● **What to produce**: Repeat the following entries exactly, excluding pictures.

● **Given data**:
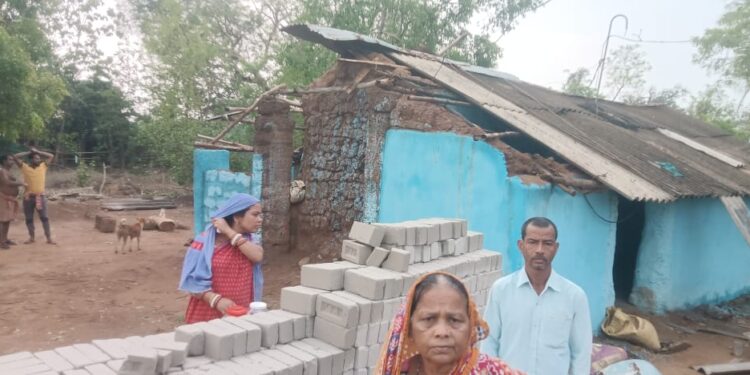 କାଳବୈଶାଖୀ ରେ ଭାଙ୍ଗିଲା ବହୁ ଆଜବେଷ୍ଟସ ଘର
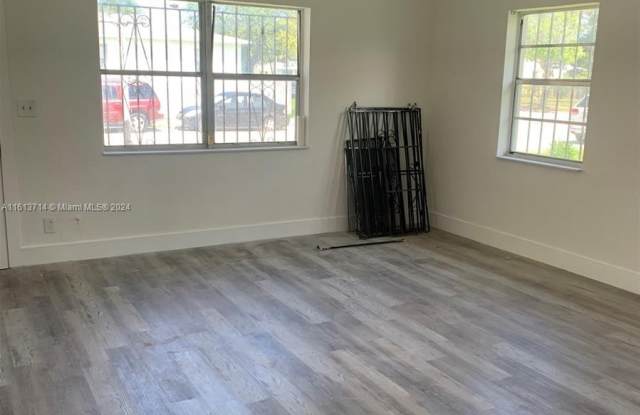 5300 NW 14th Ave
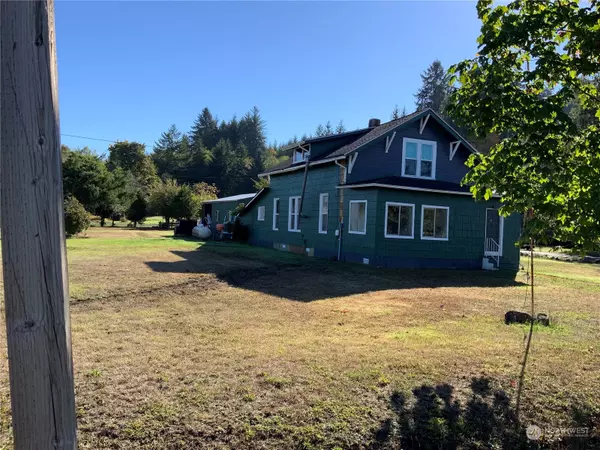 Raymond, WA 98577,1121 Willapa RD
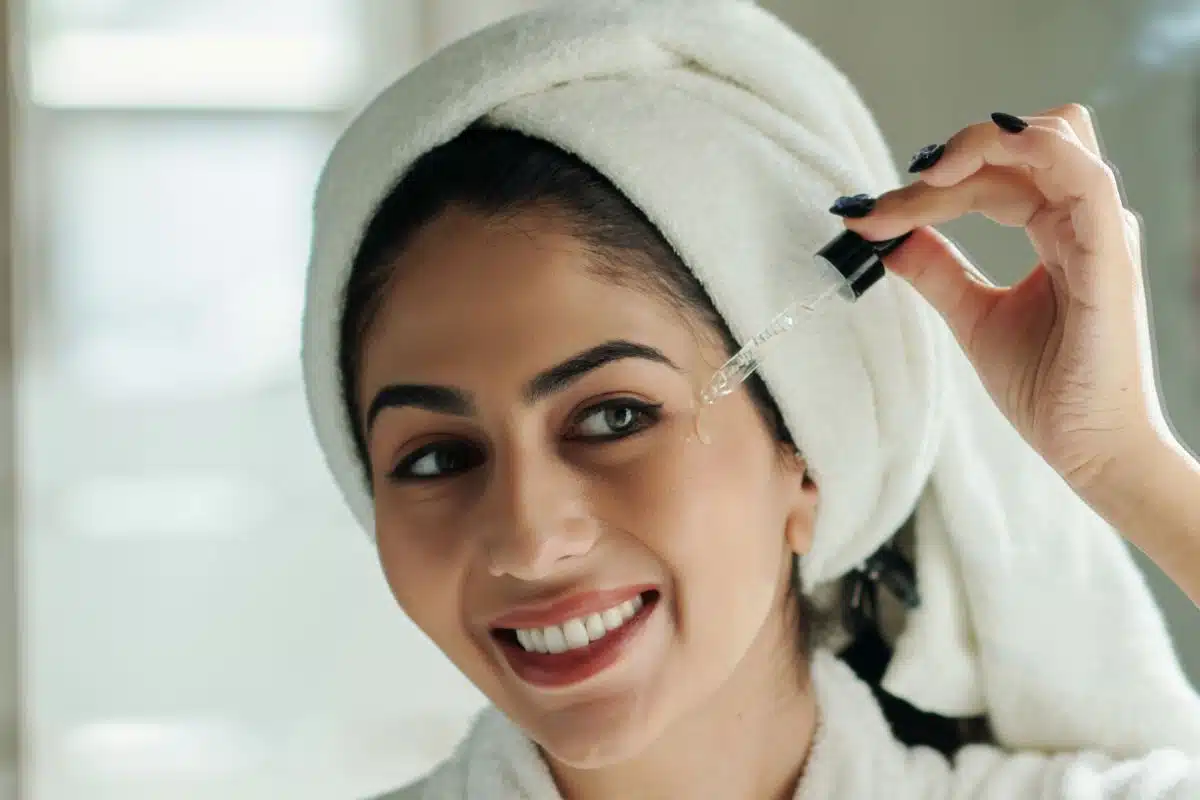 Comment intégrer un sérum à l’acide glycolique dans votre routine de soin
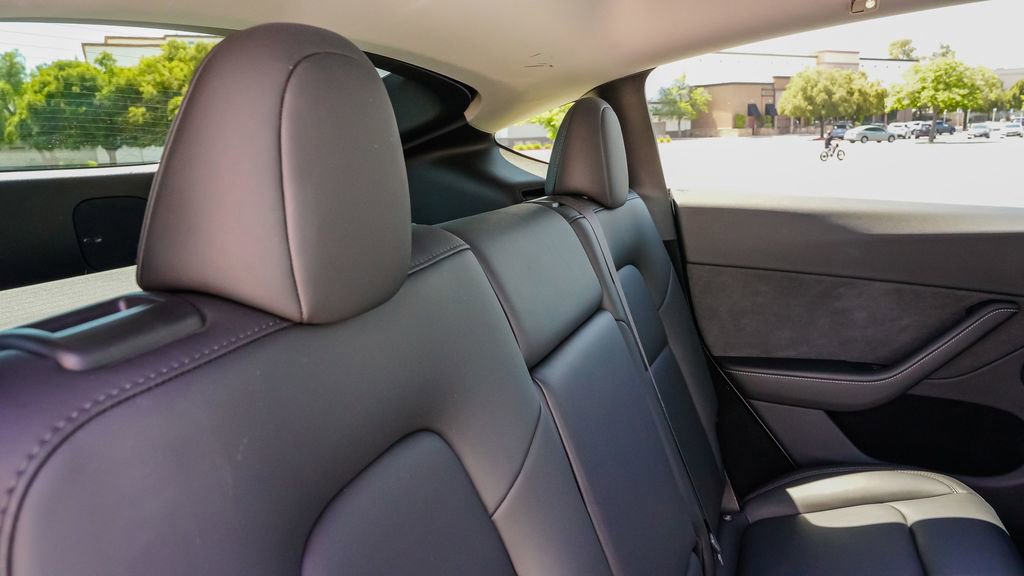 Used 2024 Tesla Model Y Performance AWD/4WD image 13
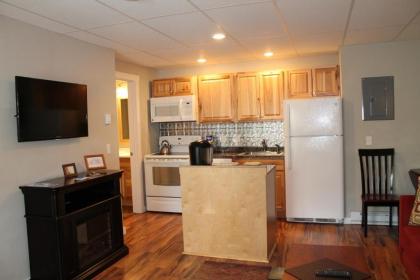 Strictly Moose Luxury Vacation Suites - image 15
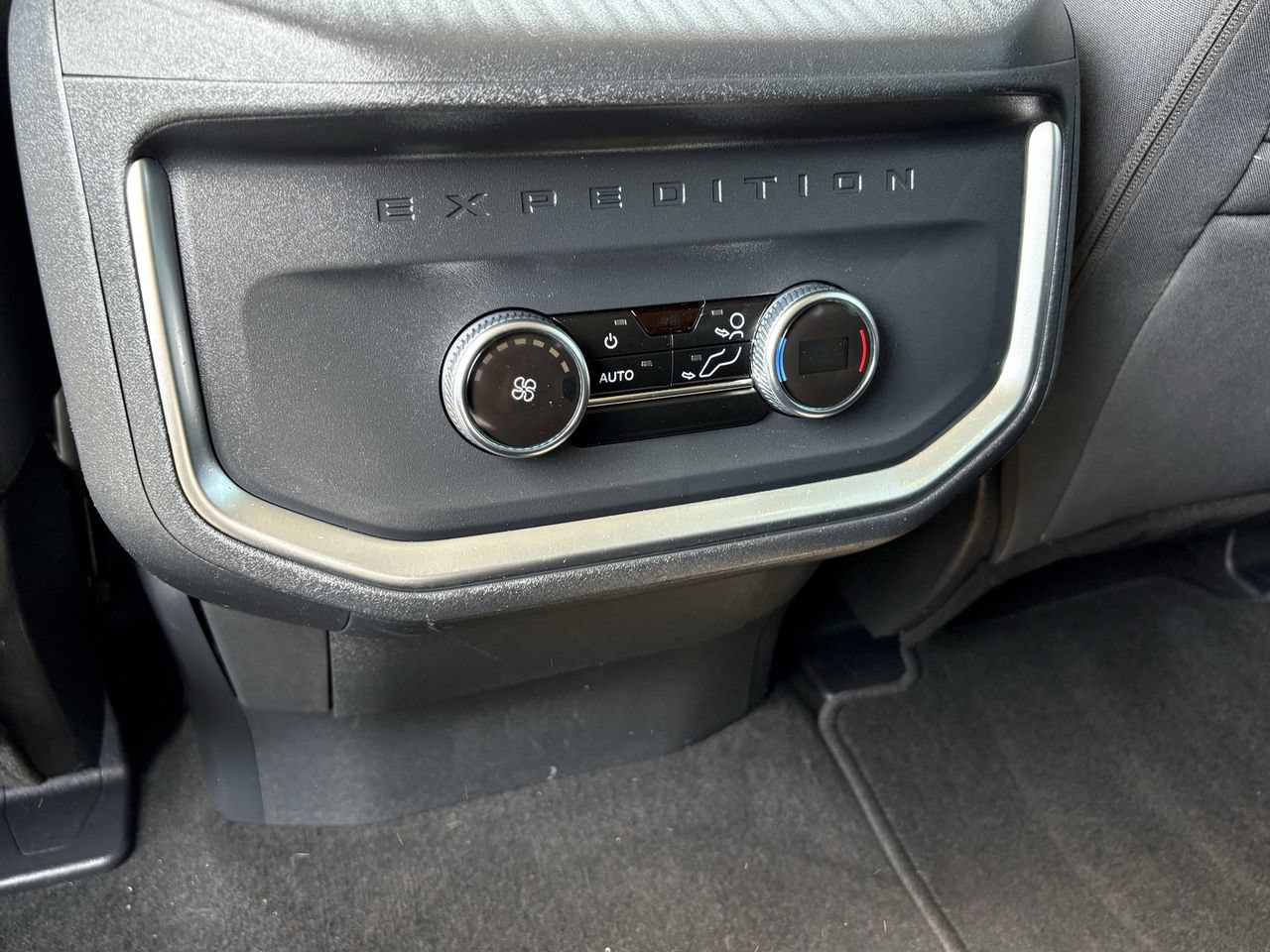Used 2025 Ford Expedition Max Active RWD image 24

● **Exercise answer**:
 କାଳବୈଶାଖୀ ରେ ଭାଙ୍ଗିଲା ବହୁ ଆଜବେଷ୍ଟସ ଘର
 5300 NW 14th Ave
 Raymond, WA 98577,1121 Willapa RD
 Comment intégrer un sérum à l’acide glycolique dans votre routine de soin
 Used 2024 Tesla Model Y Performance AWD/4WD image 13
 Strictly Moose Luxury Vacation Suites - image 15
Used 2025 Ford Expedition Max Active RWD image 24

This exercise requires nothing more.